***** THE INPUT

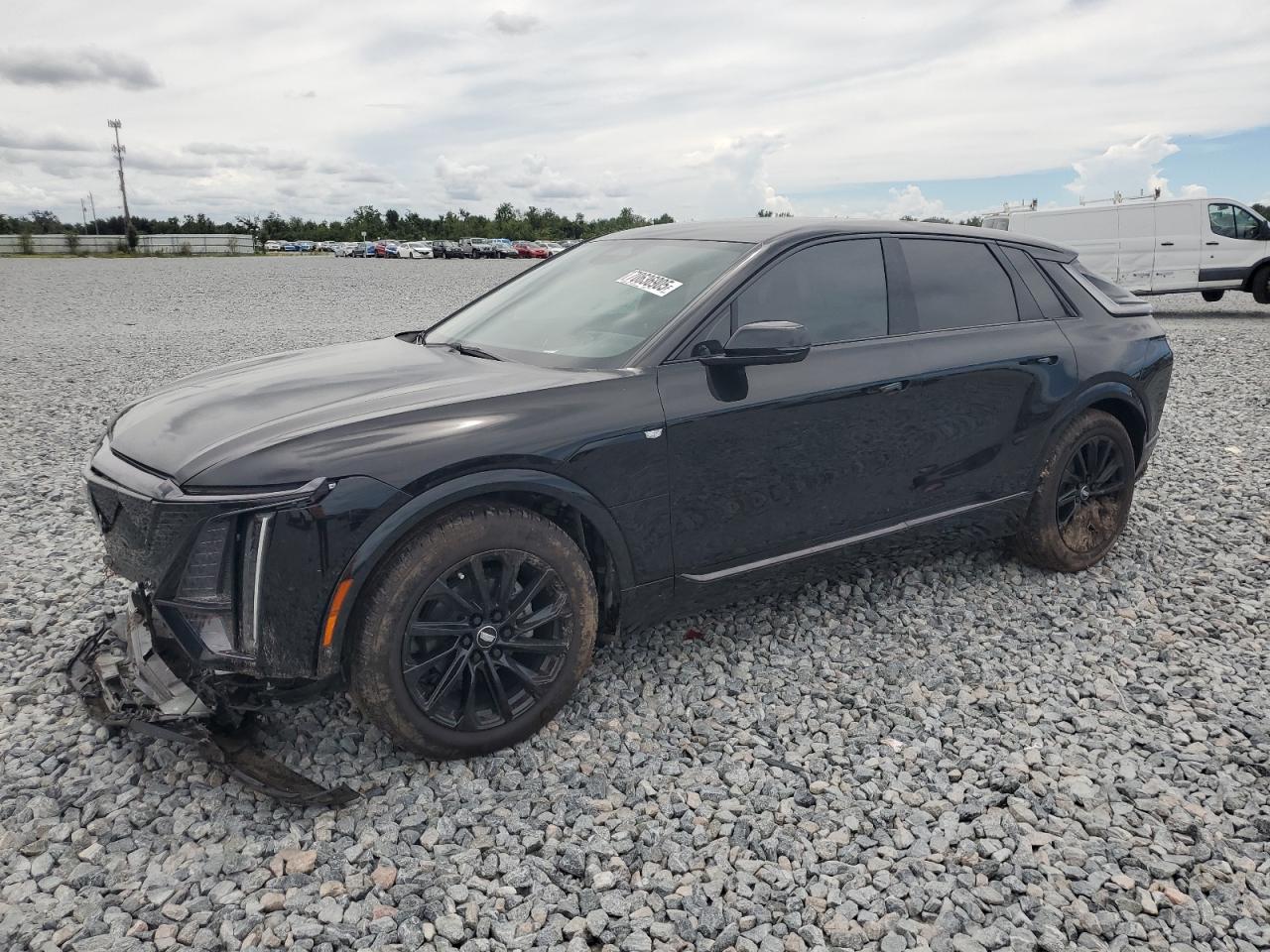CADILLAC LYRIQ SPOR 2025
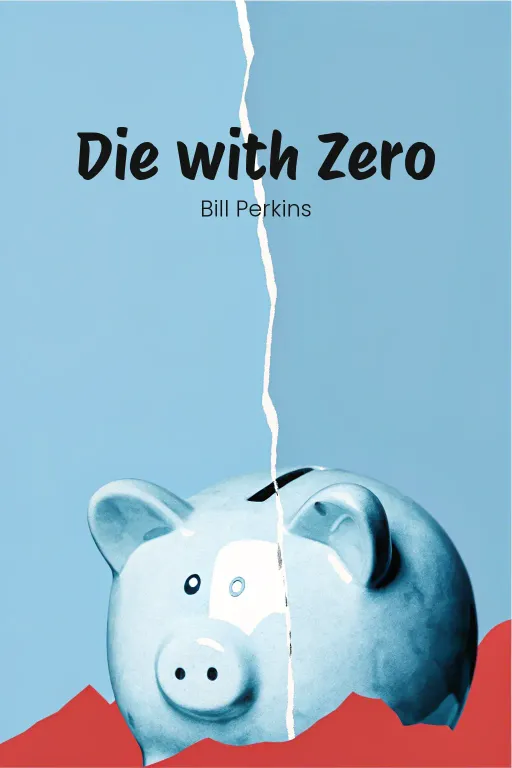 Die with Zero cover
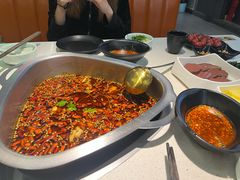 -味之绝美蛙鱼头火锅(松江万达店)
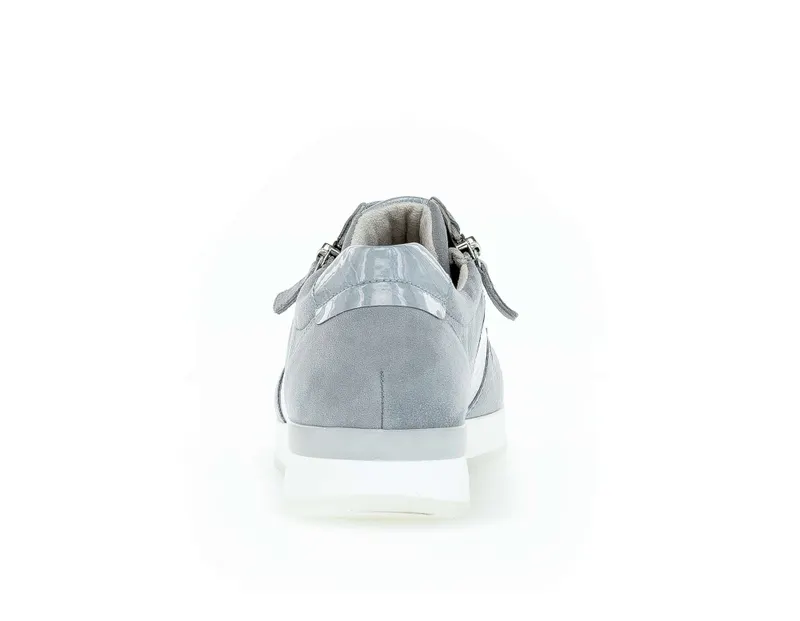 Gabor Lage sneakers Blauw (23.420.96)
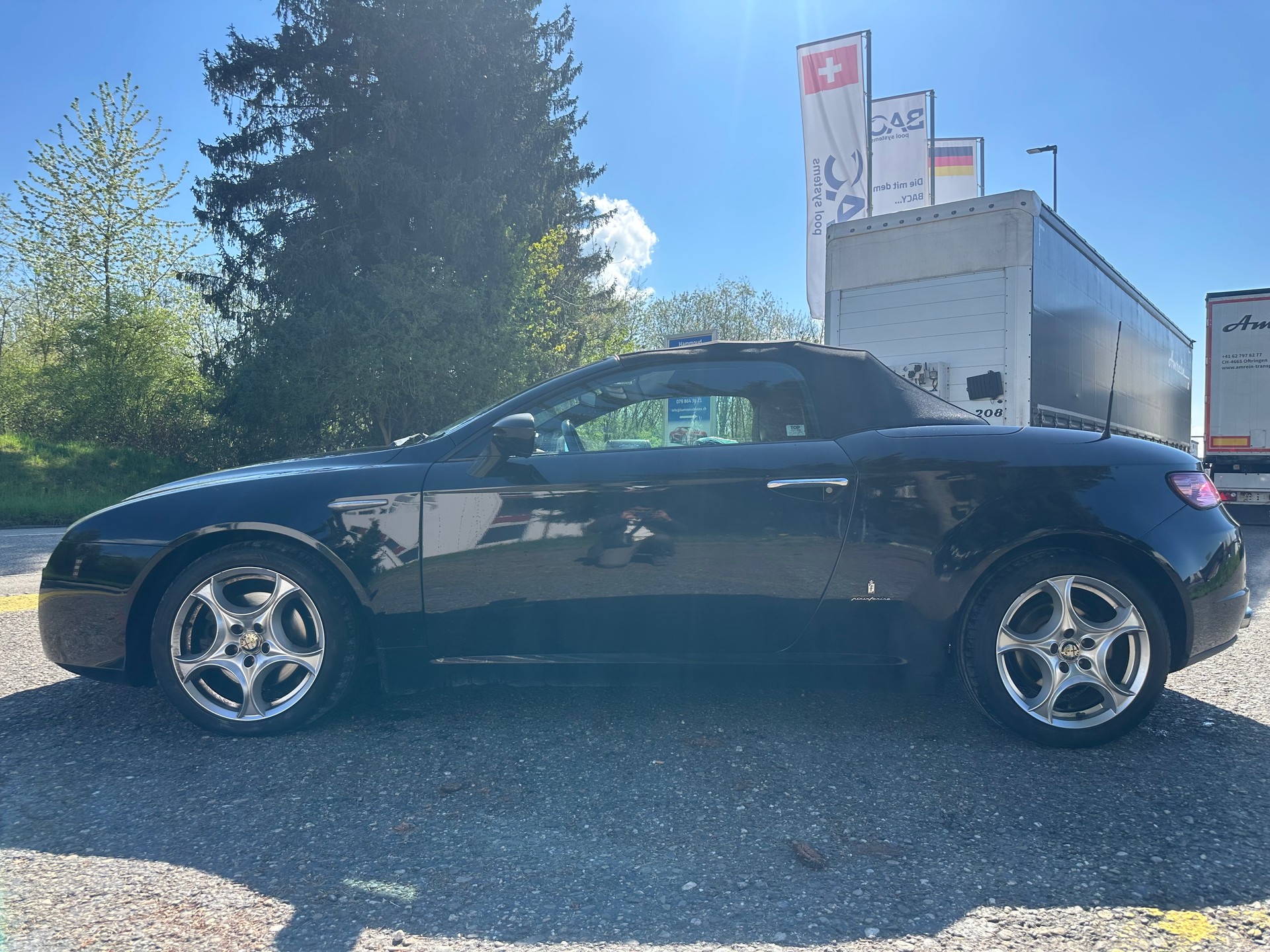 ALFA ROMEO Spider 2.2 JTS-image-2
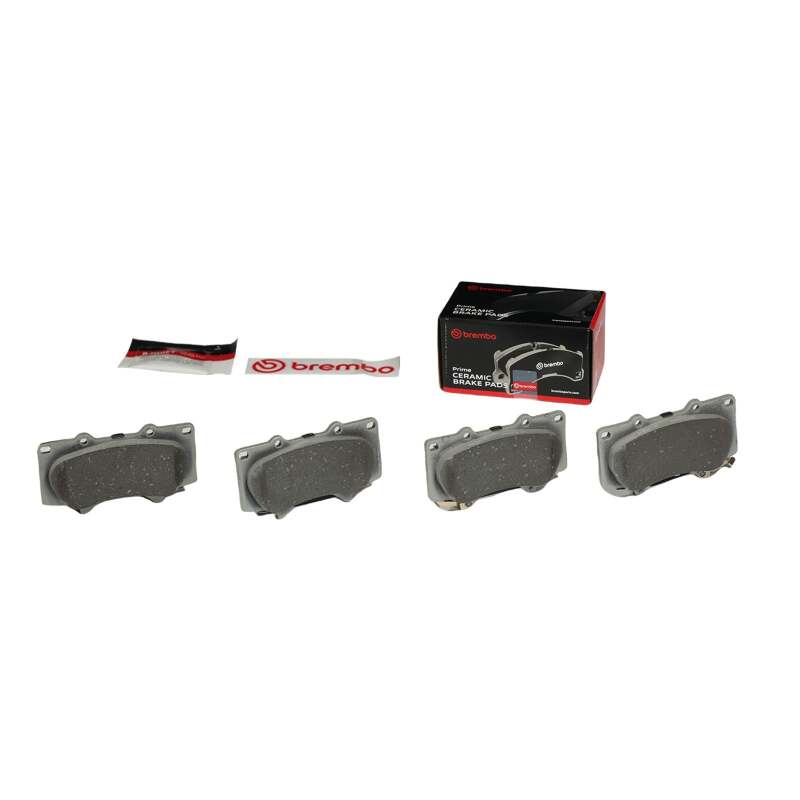 Picture of Brembo OE BRE Ceramic Pads Brake Pads - P83102N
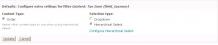 Hierarchical Select Node Reference views filter setting 1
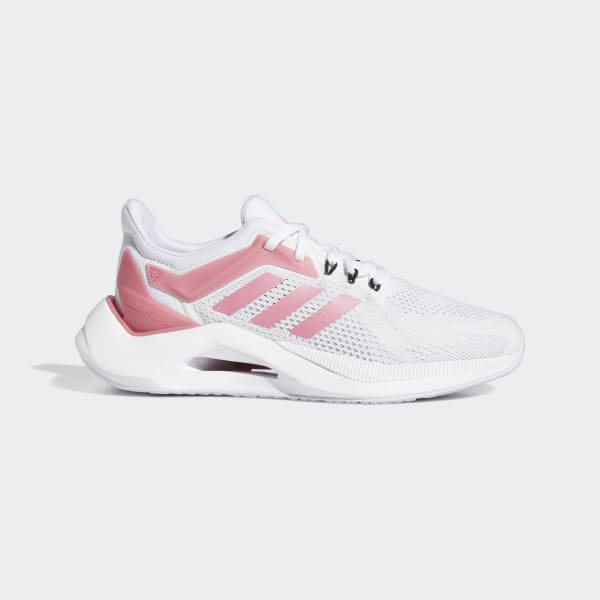 White Alphatorsion 2.0 Shoes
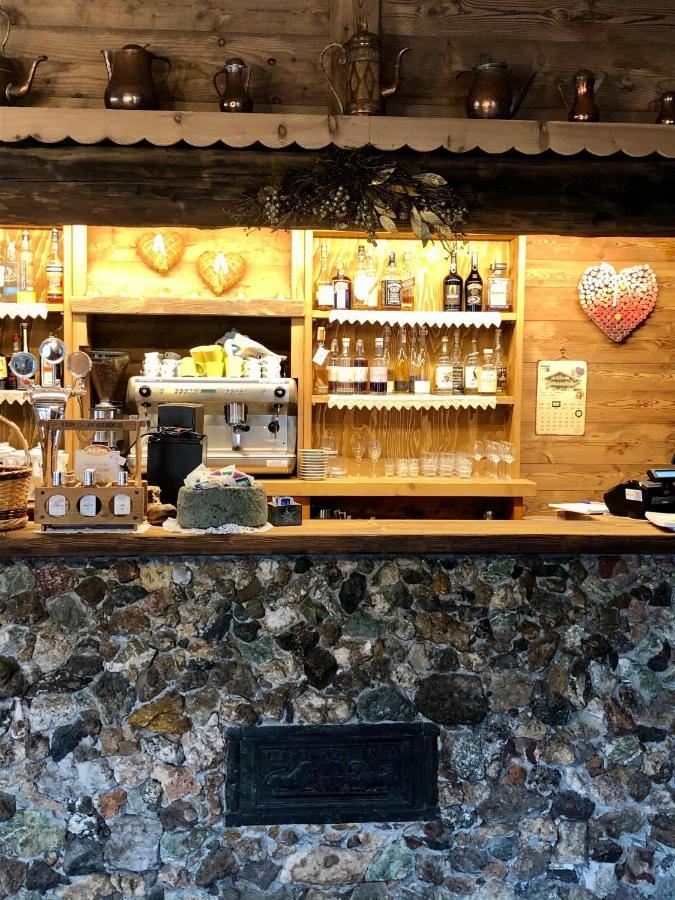 Hotel Flora Alpina Gressoney-Saint-Jean Eksteriør bilde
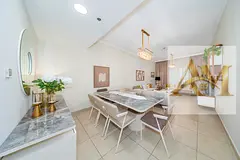 Fully Furnished || Luxury & Huge 2BR || Maids Room || Parking Free || All Amenities
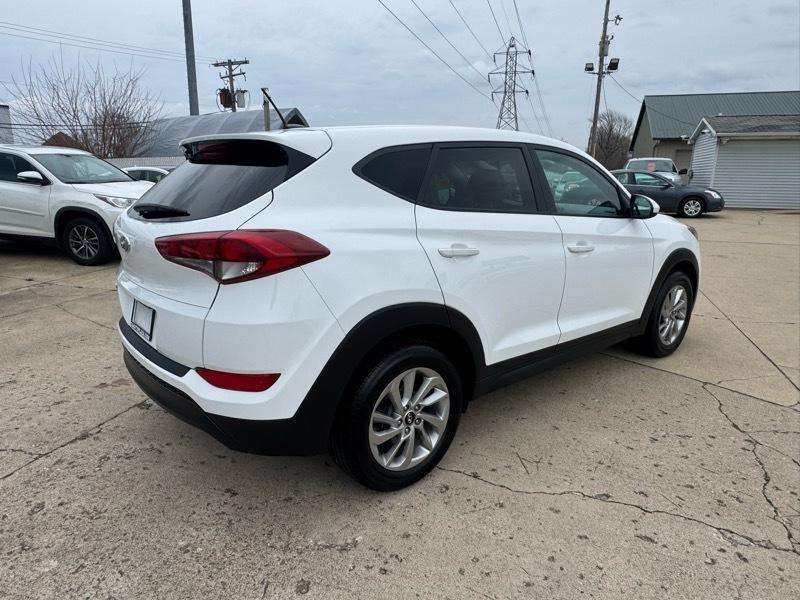 Hyundai Tucson SE 2016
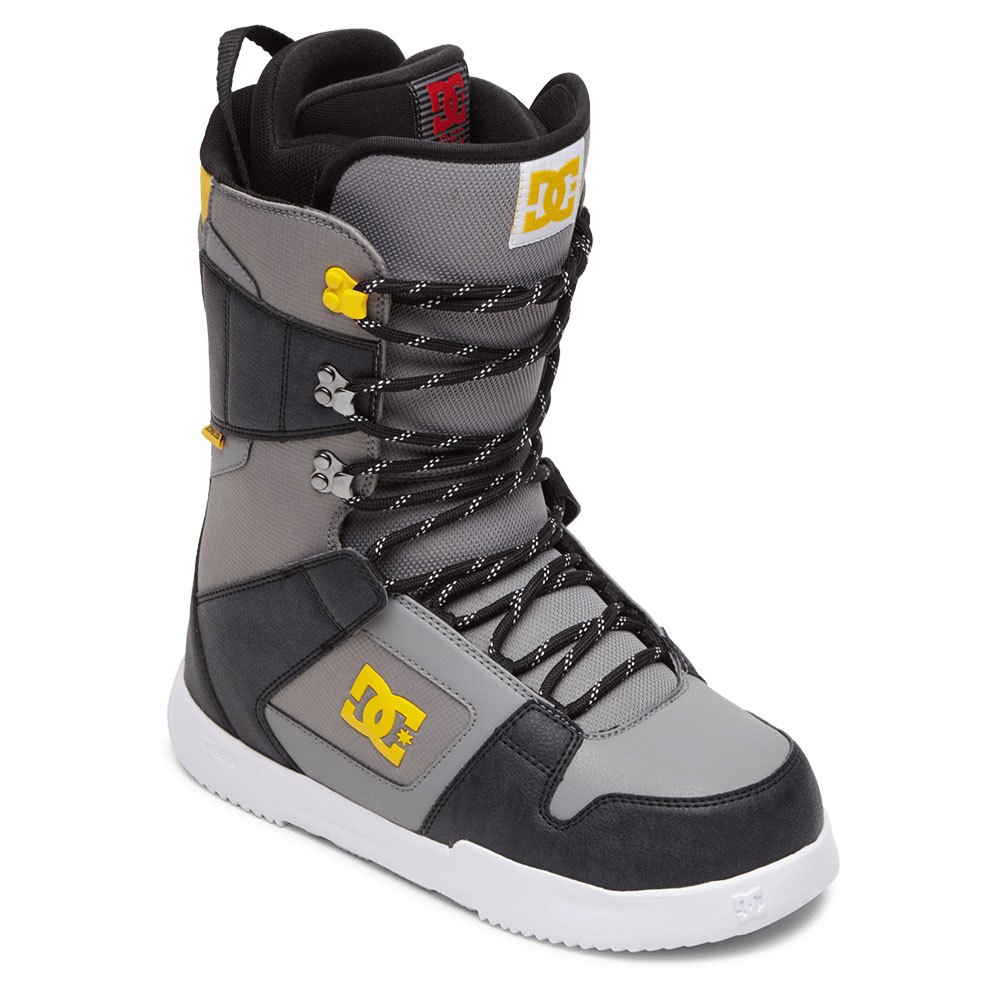 Dc SnowBoard Boots Grey |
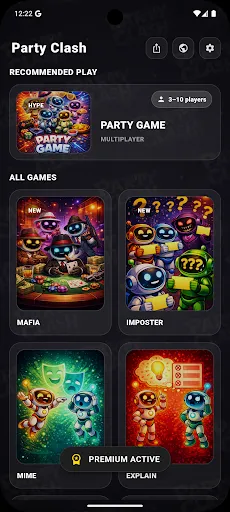 Party Clash | Игры | XWorld Party Clash | Игры | XWorld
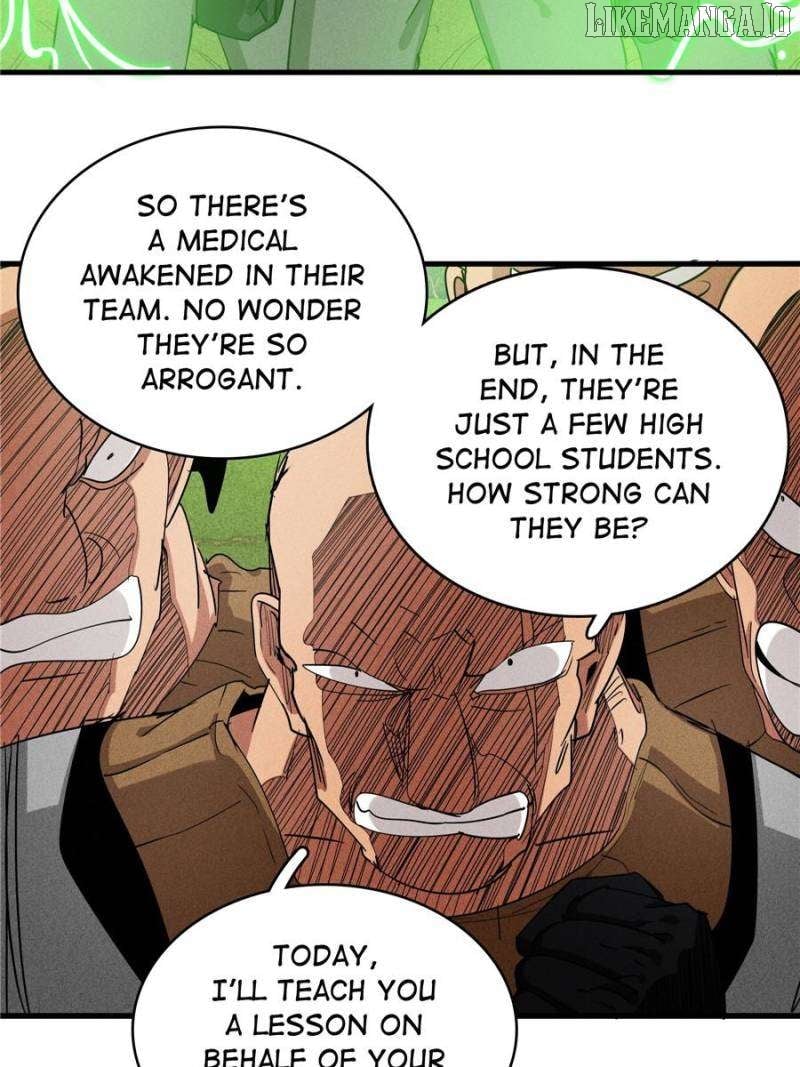 Read Nine Star Toxic Healer Manga Online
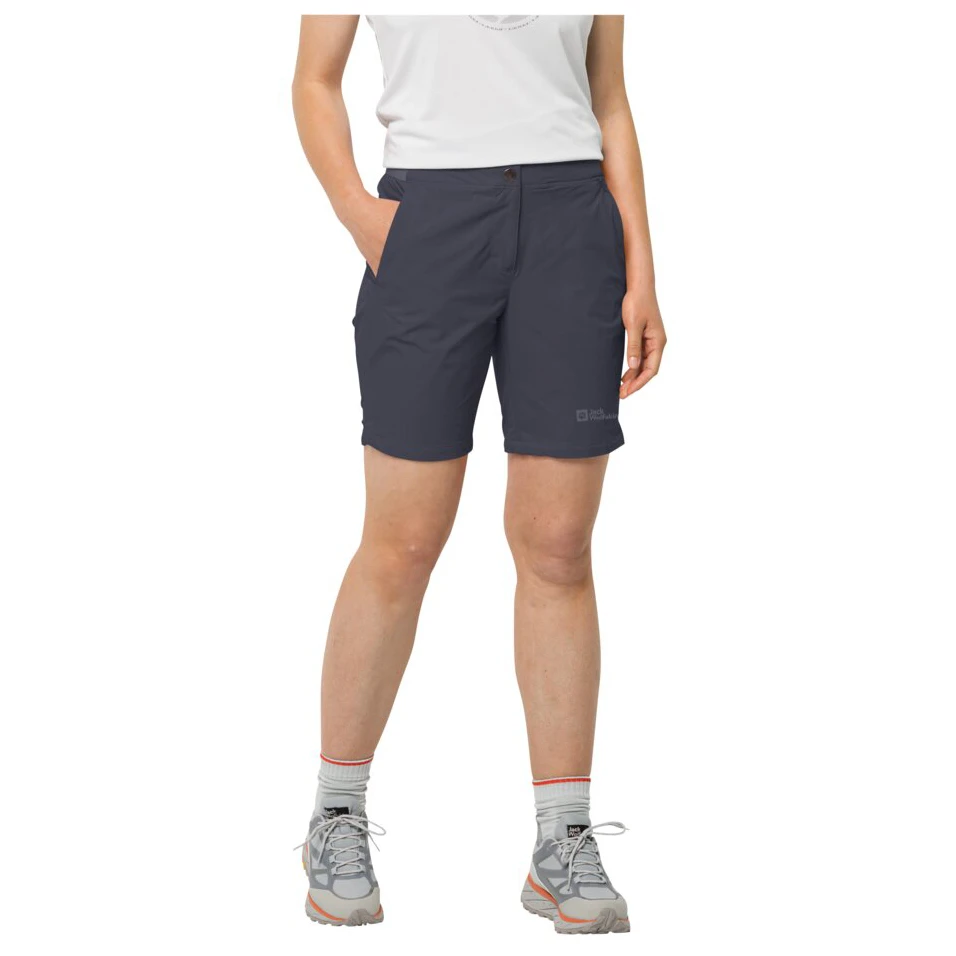 Jack Wolfskin Women's Hilltop Trail Shorts - Shorts 4 Jack Wolfskin Women's Hilltop Trail Shorts - Shorts – Bild 2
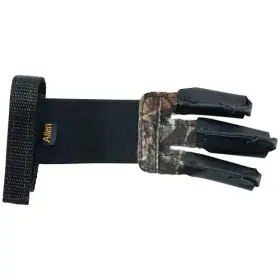 60325 Allen Super Comfort Archery Glove By Medium Free Shipping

**********

Set the entries down exactly, but not the pictures.

CADILLAC LYRIQ SPOR 2025
 Die with Zero cover
 -味之绝美蛙鱼头火锅(松江万达店)
 Gabor Lage sneakers Blauw (23.420.96)
 ALFA ROMEO Spider 2.2 JTS-image-2
 Picture of Brembo OE BRE Ceramic Pads Brake Pads - P83102N
 Hierarchical Select Node Reference views filter setting 1
 White Alphatorsion 2.0 Shoes
 Hotel Flora Alpina Gressoney-Saint-Jean Eksteriør bilde
 Fully Furnished || Luxury & Huge 2BR || Maids Room || Parking Free || All Amenities
 Hyundai Tucson SE 2016
 Dc SnowBoard Boots Grey |
 Party Clash | Игры | XWorld Party Clash | Игры | XWorld
 Read Nine Star Toxic Healer Manga Online
 Jack Wolfskin Women's Hilltop Trail Shorts - Shorts 4 Jack Wolfskin Women's Hilltop Trail Shorts - Shorts – Bild 2
 60325 Allen Super Comfort Archery Glove By Medium Free Shipping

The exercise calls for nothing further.